What follows is data in a key: value
format.
Here’s how we serialize a record and write it to log file:
var (
muLogHTTP sync.Mutex
)
func logHTTPReq(ri *HTTPReqInfo) {
var rec siser.Record
rec.Name = "httplog"
rec.Append("method", ri.method)
rec.Append("uri", ri.uri)
if ri.referer != "" {
rec.Append("referer", ri.referer)
}
rec.Append("ipaddr", ri.ipaddr)
rec.Append("code", strconv.Itoa(ri.code))
rec.Append("size", strconv.FormatInt(ri.size, 10))
durMs := ri.duration / time.Millisecond
rec.Append("duration", strconv.FormatInt(int64(durMs), 10))
rec.Append("ua", ri.userAgent)
muLogHTTP.Lock()
defer muLogHTTP.Unlock()
_, _ = httpLogSiser.WriteRecord(&rec)
}
Rotating logs daily
I usually deploy my servers on Ubuntu servers and place logs in /data/<service-name>/log
directory.
We can’t write to the same log file forever. Eventually we would run out of space.

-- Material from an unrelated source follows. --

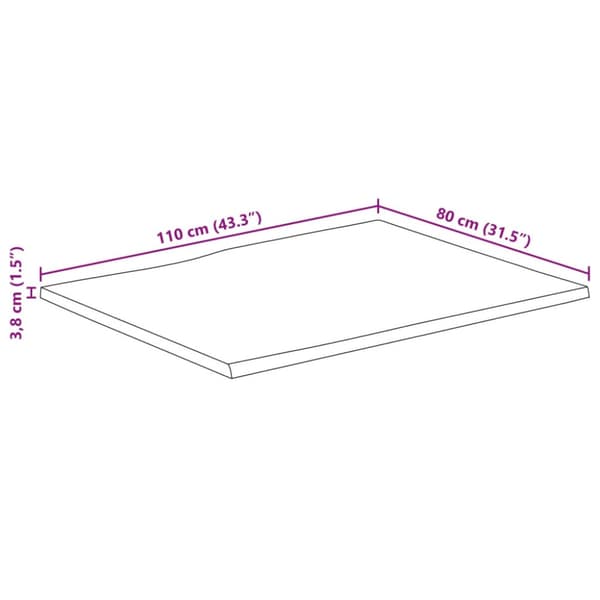 Bordsskiva 110x80x3,8 cm rektangulär massiv akacia levande kant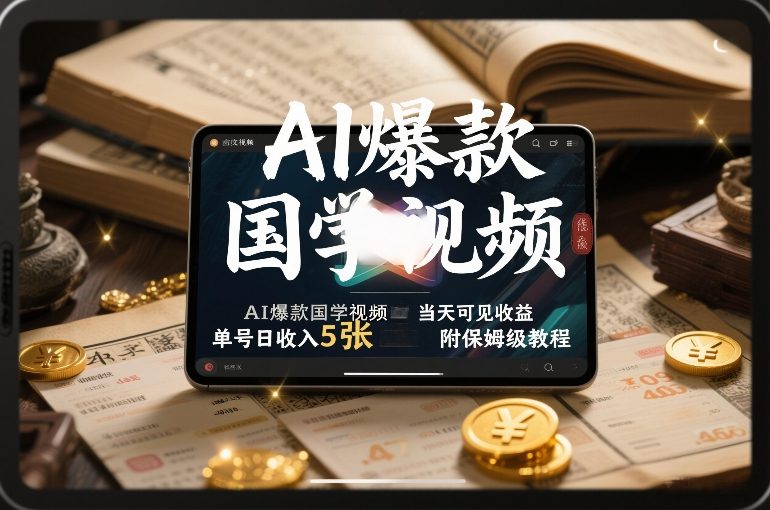 AI爆款国学视频，独家起号方法，小白直接上手，当天可见收益，单号日收入5张+附保姆级教程-稀缺资源库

For long term logs I usually have a log file per day, named by date e.g. 2019-09-23.txt
, 2019-09-24.txt
etc.
This is sometimes called log rotation.
To avoid re-implementing this functionality multiple times, I wrote a library
filerotate.
It implements Write
, Close
and Flush
methods, so it’s easy to plug into existing code using io.Writer
.
You specify a directory to use and a suffix for file name.
You then write to it as to a regular file and the code ensures to create per-day files.
You can also provide a callback to be notified when rotation happens so that you can, for example, upload the file to online storage for archival or run analytics on it.
Here’s the code:
func didClose(path string, didRotate bool) {
fmt.Printf("closed file '%s', didRotate: %v\n", path, didRotate)
if didRotate {
// here you can implement e.g. compressing a log file and
// uploading them to s3 for long-term storage
}
}
f, err := filerotate.NewDaily(".", "log.txt", didClose)
if err != nil {
log.Fatalf("filerotate.NewDaily() failed with '%s'\n", err)
}
_, err = f.Write([]byte("hello"))
if err != nil {
log.Fatalf("f.Write() failed with '%s'\n", err)
}
err = f.Close()
if err != nil {
log.Fatalf("f.Close() failed with '%s'\n", err)
}
Long term storage and analytics
For long term storage I compress them with gzip and upload the files to online storage. There are plenty of options: S3, Google Storage, Digital Ocean Spaces, BackBlaze.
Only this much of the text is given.